The problem is that it may take several seconds for the brain to become conscious of what it’s seen, and in Afghanistan, that brief time can mean the difference between spotting a bomb, and driving over it and setting it off.
But a device known as an electroencephalogram (EEG) can spot that P300 signal. Hooked into a sophisticated computer that can interpret the signal, it can immediately alert a person to a potential threat, taking a short cut through the brain’s normal conscious processing. Combined with advanced optics, it is possible to imagine a Terminator-like vision system that scans an area and immediately identifies and categorises threats.
Although it sounds far-fetched, this is roughly the idea behind a new military technology called Sentinel (SystEm for Notification of Threats Inspired by Neurally Enabled Learning), which is being touted as the world’s first “cognitive-neural” binocular threat-warning system.
Brain Game
Here’s how it works in practice: a high-tech camera scans a wide field of view, and then picks out potential threats based on sophisticated algorithms that mimic the human vision system. Then images of those threats are flashed in rapid succession through a viewer to the user, whose brain signals are being monitored. When the brain spots a potential threat and gives off the P300, the signal is detected and the user is visually alerted to focus on that specific image.
“That’s the beauty of this approach, it’s the human brain doing the filtering,” says Dr. Deepak Khosla, the chief scientist for the project at HRL Laboratories, based in Malibu, California, which developed the goggles under a research project funded by the Pentagon’s Defense Advanced Research Projects Agency (Darpa).
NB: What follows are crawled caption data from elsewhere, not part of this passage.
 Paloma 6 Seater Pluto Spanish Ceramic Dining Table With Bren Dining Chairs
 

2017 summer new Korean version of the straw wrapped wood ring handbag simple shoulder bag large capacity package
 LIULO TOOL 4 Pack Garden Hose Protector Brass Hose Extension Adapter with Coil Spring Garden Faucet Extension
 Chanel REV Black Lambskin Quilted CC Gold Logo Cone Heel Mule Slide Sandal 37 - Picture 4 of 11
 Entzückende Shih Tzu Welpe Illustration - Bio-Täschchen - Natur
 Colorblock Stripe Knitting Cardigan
It may sound harder than just using a plain old pair of binoculars, but the ability to go through many images without manually scanning the landscape, or having to click through camera images, does save time, at least in tests. Sentinel has already outperformed conventional binoculars by spotting 30% more simulated threats in tests conducted in a desert environment in Arizona and tropical terrain in Hawaii, according to the company, and this summer the Army will field-test a prototype of the binoculars at Camp Roberts in California.
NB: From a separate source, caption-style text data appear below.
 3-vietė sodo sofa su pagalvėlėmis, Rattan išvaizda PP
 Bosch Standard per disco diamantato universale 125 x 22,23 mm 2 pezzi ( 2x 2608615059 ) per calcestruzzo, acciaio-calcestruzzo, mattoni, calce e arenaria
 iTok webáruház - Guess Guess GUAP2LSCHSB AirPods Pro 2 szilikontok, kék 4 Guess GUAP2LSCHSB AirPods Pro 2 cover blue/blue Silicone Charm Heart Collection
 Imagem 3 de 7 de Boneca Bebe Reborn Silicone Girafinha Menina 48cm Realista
These goggles represent more than just another gadget: they could well become the first example of military neuro-enhancement using what is called a brain-machine interface.
The potential impact of such technology, long the stuff of science fiction, has emerged in recent years as a subject for serious military experts. In fact, a 2008 report on neuro-enhancement by the Jasons, a group of elite scientists who advise the government on national security issues, warned of the “potential for abuses in carrying out such research, as well as serious concerns about where remediation leaves off and changing natural humanity begins.” While the US military would be less prone to abuses thanks to extensive laws and regulations, “the activities of adversarial forces, will not likely be similarly constrained,” they wrote.